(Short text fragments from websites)

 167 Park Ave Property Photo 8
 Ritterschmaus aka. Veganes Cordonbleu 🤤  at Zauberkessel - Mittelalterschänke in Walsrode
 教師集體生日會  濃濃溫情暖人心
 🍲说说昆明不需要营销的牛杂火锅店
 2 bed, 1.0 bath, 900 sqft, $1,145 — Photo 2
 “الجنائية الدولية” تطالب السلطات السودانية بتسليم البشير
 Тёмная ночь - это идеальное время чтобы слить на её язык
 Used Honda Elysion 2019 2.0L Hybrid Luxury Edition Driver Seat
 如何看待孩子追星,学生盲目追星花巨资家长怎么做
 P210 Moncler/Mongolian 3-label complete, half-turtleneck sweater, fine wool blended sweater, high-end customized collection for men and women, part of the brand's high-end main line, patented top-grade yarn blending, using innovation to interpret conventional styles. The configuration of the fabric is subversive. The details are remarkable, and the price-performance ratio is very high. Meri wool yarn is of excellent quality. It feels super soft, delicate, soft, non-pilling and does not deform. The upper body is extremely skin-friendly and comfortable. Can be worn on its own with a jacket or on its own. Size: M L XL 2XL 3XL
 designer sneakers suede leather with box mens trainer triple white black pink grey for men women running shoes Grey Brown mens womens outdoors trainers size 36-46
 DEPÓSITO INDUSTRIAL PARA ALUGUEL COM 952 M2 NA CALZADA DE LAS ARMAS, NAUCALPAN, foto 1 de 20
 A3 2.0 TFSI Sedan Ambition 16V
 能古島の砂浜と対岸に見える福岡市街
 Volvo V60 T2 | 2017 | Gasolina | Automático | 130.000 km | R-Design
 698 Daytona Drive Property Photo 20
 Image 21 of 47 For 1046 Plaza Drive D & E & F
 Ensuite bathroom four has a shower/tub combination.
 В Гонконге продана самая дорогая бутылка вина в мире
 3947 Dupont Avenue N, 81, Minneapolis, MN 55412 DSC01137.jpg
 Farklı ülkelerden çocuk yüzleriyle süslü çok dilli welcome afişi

### Exercise
The data above is to be returned exactly, with nothing altered.

### Exercise output
 167 Park Ave Property Photo 8
 Ritterschmaus aka. Veganes Cordonbleu 🤤  at Zauberkessel - Mittelalterschänke in Walsrode
 教師集體生日會  濃濃溫情暖人心
 🍲说说昆明不需要营销的牛杂火锅店
 2 bed, 1.0 bath, 900 sqft, $1,145 — Photo 2
 “الجنائية الدولية” تطالب السلطات السودانية بتسليم البشير
 Тёмная ночь - это идеальное время чтобы слить на её язык
 Used Honda Elysion 2019 2.0L Hybrid Luxury Edition Driver Seat
 如何看待孩子追星,学生盲目追星花巨资家长怎么做
 P210 Moncler/Mongolian 3-label complete, half-turtleneck sweater, fine wool blended sweater, high-end customized collection for men and women, part of the brand's high-end main line, patented top-grade yarn blending, using innovation to interpret conventional styles. The configuration of the fabric is subversive. The details are remarkable, and the price-performance ratio is very high. Meri wool yarn is of excellent quality. It feels super soft, delicate, soft, non-pilling and does not deform. The upper body is extremely skin-friendly and comfortable. Can be worn on its own with a jacket or on its own. Size: M L XL 2XL 3XL
 designer sneakers suede leather with box mens trainer triple white black pink grey for men women running shoes Grey Brown mens womens outdoors trainers size 36-46
 DEPÓSITO INDUSTRIAL PARA ALUGUEL COM 952 M2 NA CALZADA DE LAS ARMAS, NAUCALPAN, foto 1 de 20
 A3 2.0 TFSI Sedan Ambition 16V
 能古島の砂浜と対岸に見える福岡市街
 Volvo V60 T2 | 2017 | Gasolina | Automático | 130.000 km | R-Design
 698 Daytona Drive Property Photo 20
 Image 21 of 47 For 1046 Plaza Drive D & E & F
 Ensuite bathroom four has a shower/tub combination.
 В Гонконге продана самая дорогая бутылка вина в мире
 3947 Dupont Avenue N, 81, Minneapolis, MN 55412 DSC01137.jpg
 Farklı ülkelerden çocuk yüzleriyle süslü çok dilli welcome afişi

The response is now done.